▸ **Your assignment**
Copy the lines below exactly, starting at the one with "Mix of all vegan" and ending at the one with "2009 Honda Pilot", and leave out any picture.

▸ **Given data**
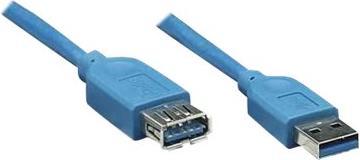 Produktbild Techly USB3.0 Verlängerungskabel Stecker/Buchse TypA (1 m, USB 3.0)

* * *

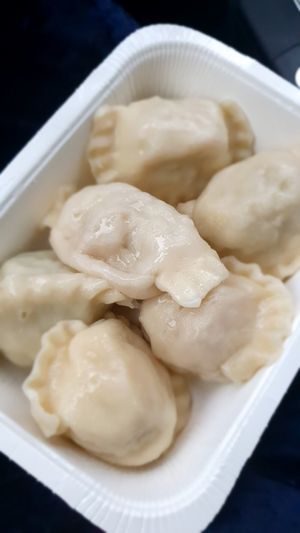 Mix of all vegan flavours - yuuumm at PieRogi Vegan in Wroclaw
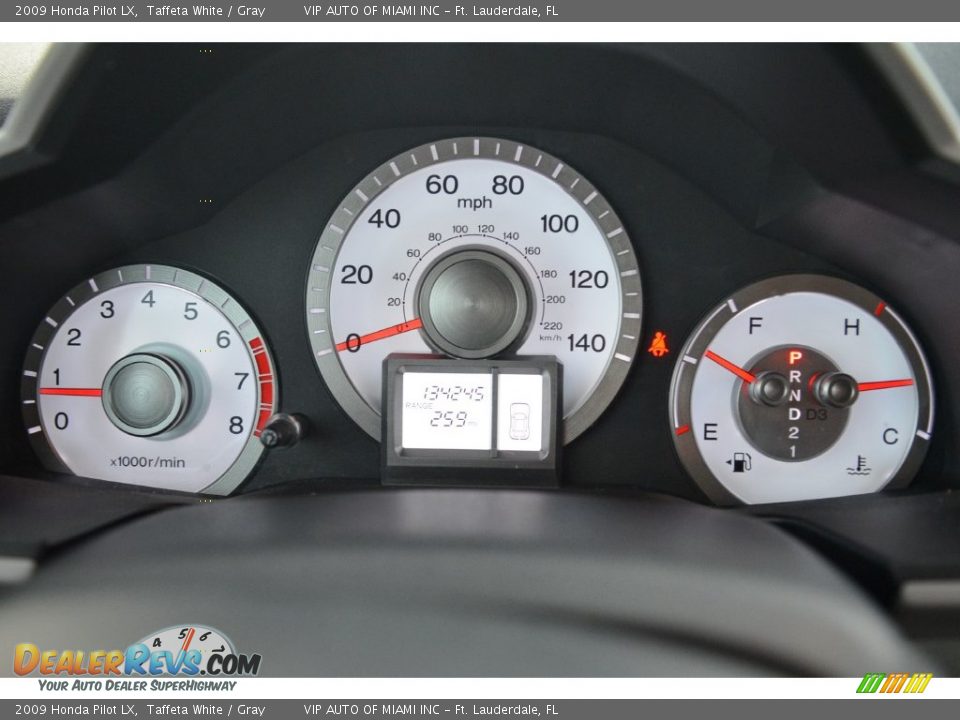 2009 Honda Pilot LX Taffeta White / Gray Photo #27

▸ **Result of this exercise**
 Mix of all vegan flavours - yuuumm at PieRogi Vegan in Wroclaw
 2009 Honda Pilot LX Taffeta White / Gray Photo #27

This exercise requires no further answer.